** Exercise objective **
In the entries below, repeat only the lines between those holding "1938 Press Photo" and "mountain view, near", inclusive. Leave pictures out.
[Provided records Boundary: Start]
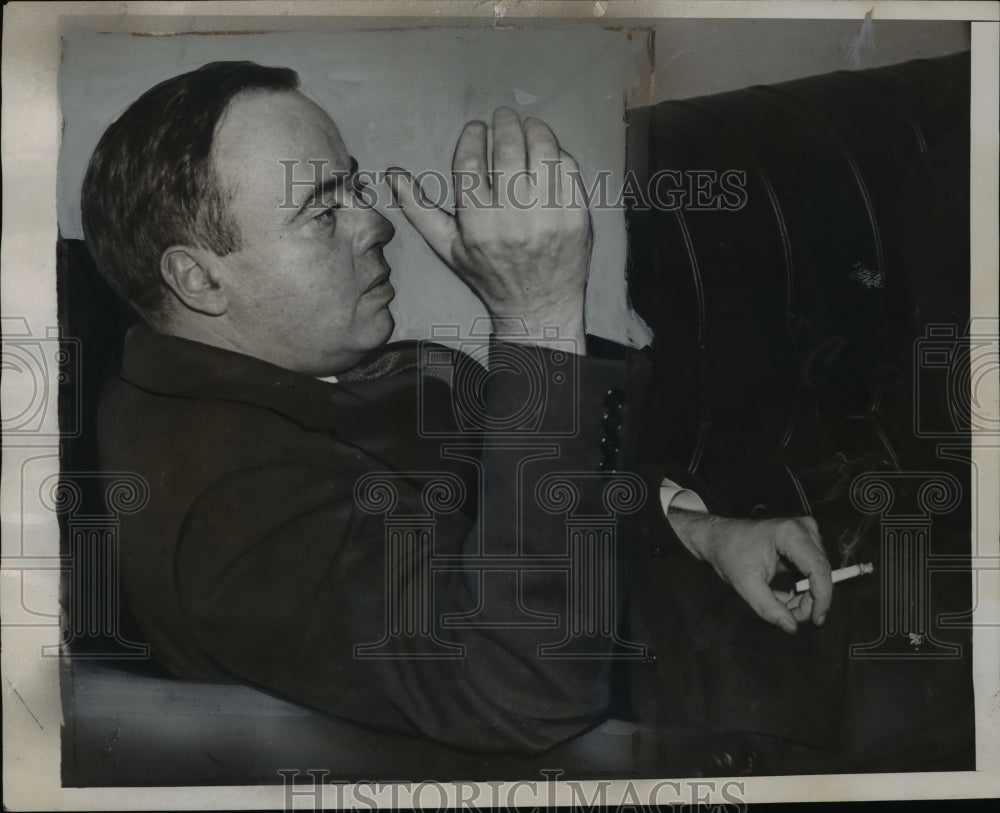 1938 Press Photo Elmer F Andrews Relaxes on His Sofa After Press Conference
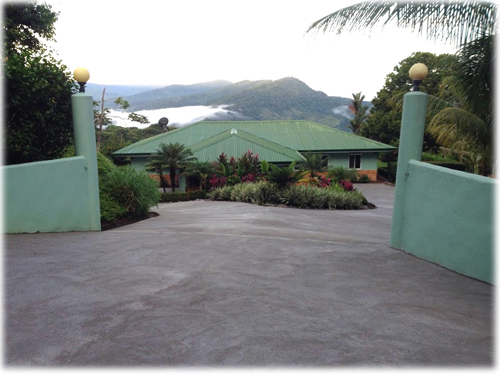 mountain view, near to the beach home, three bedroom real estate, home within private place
[Provided records Boundary: End]
[Provided records Boundary: Start]
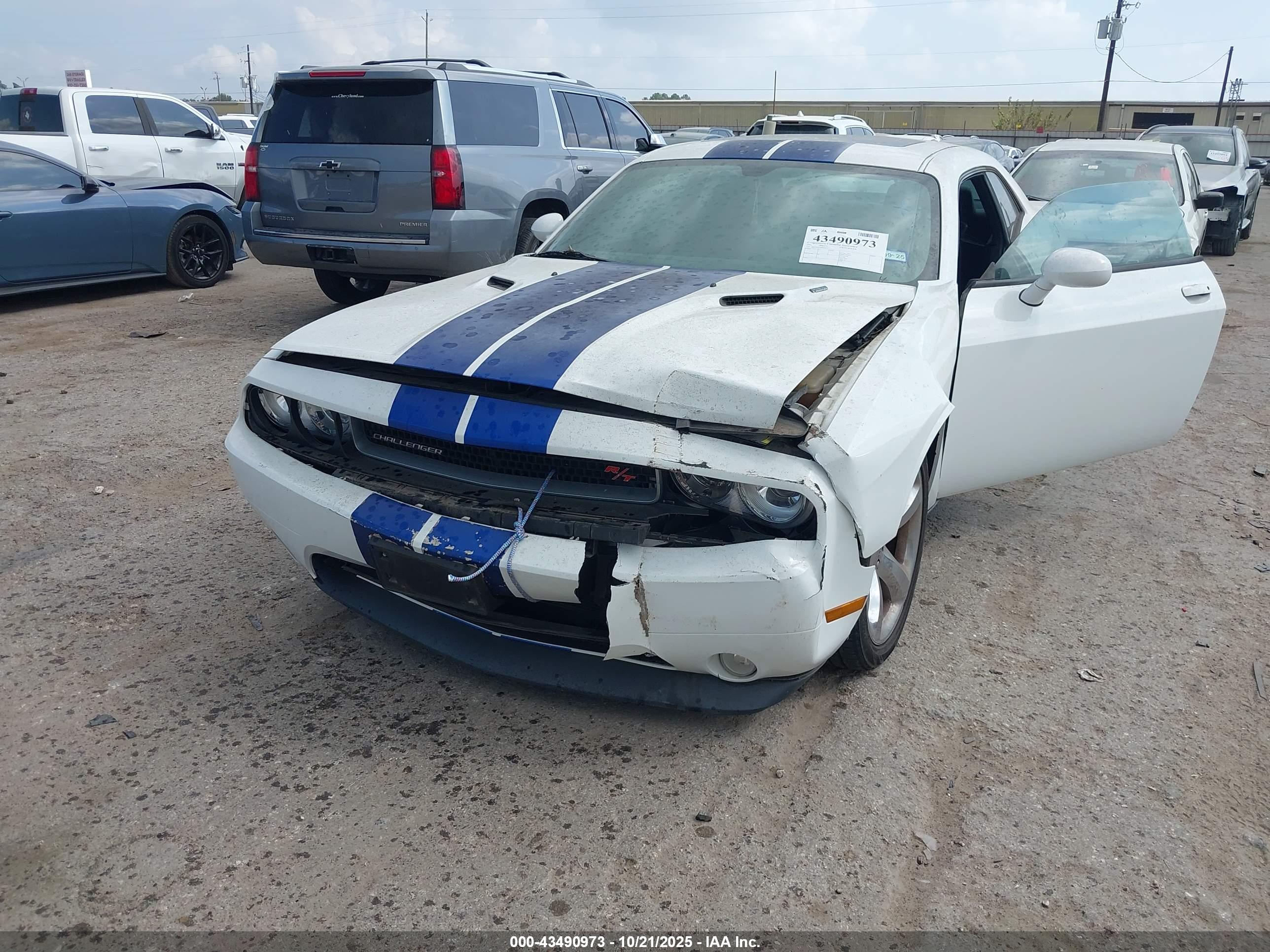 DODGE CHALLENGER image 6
[Provided records Boundary: End]
** Solution for this exercise **
 1938 Press Photo Elmer F Andrews Relaxes on His Sofa After Press Conference
 mountain view, near to the beach home, three bedroom real estate, home within private place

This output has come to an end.